◆ **SUPPLIED MATERIAL**

::::::

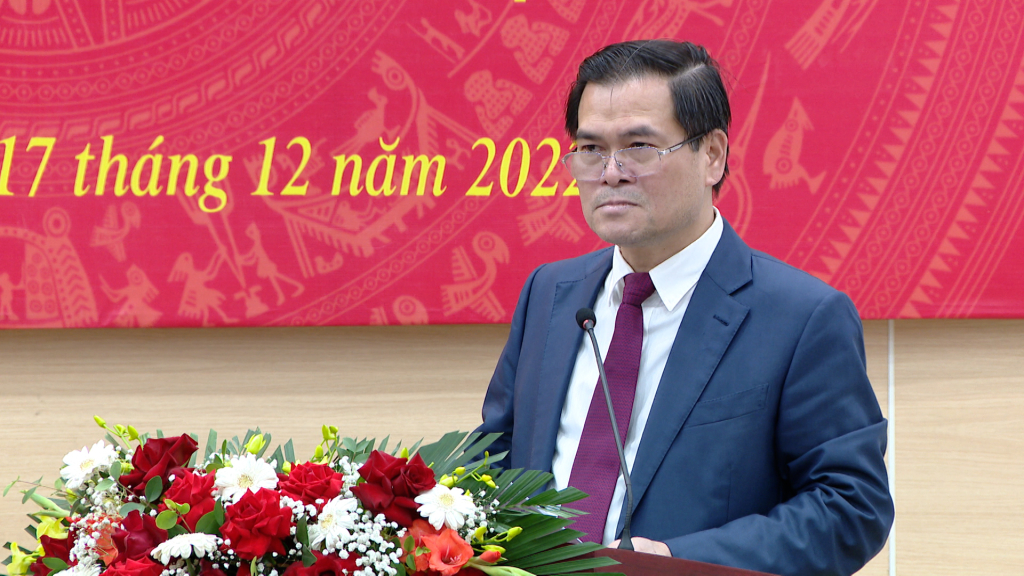 Đồng chí Bùi Văn Khắng, Phó Chủ tịch UBND tỉnh phát biểu tại Hội nghị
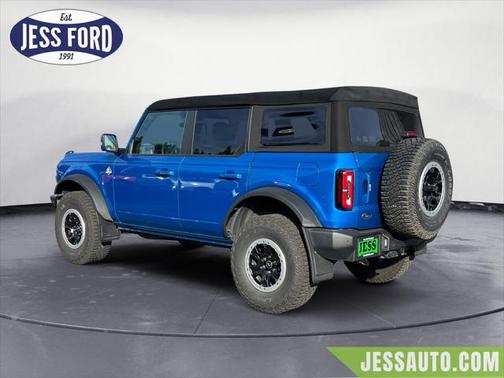 Velocity Blue Metallic 2022 Ford Bronco Outer Banks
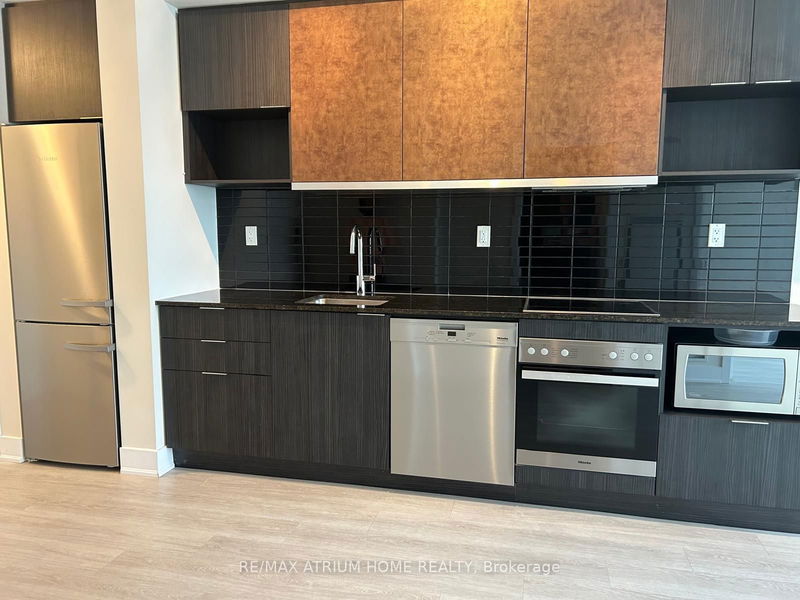 home for lease on 223-99 The Donway Way W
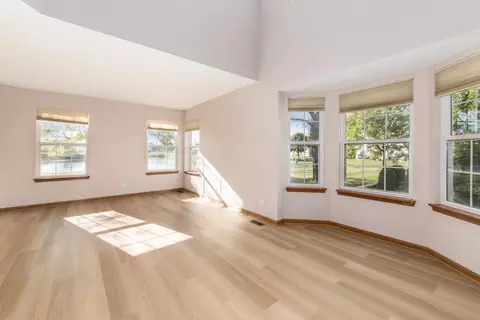 Living - 10827 Cape Cod Ln, Huntley, IL 60142 photo 3 of 6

::::::

◆ **WHAT YOU HAVE TO DO**
Transcribe the material above word for word; images do not belong in the copy.

◆ **THE COMPLETED TASK**
 Đồng chí Bùi Văn Khắng, Phó Chủ tịch UBND tỉnh phát biểu tại Hội nghị
 Velocity Blue Metallic 2022 Ford Bronco Outer Banks
 home for lease on 223-99 The Donway Way W
 Living - 10827 Cape Cod Ln, Huntley, IL 60142 photo 3 of 6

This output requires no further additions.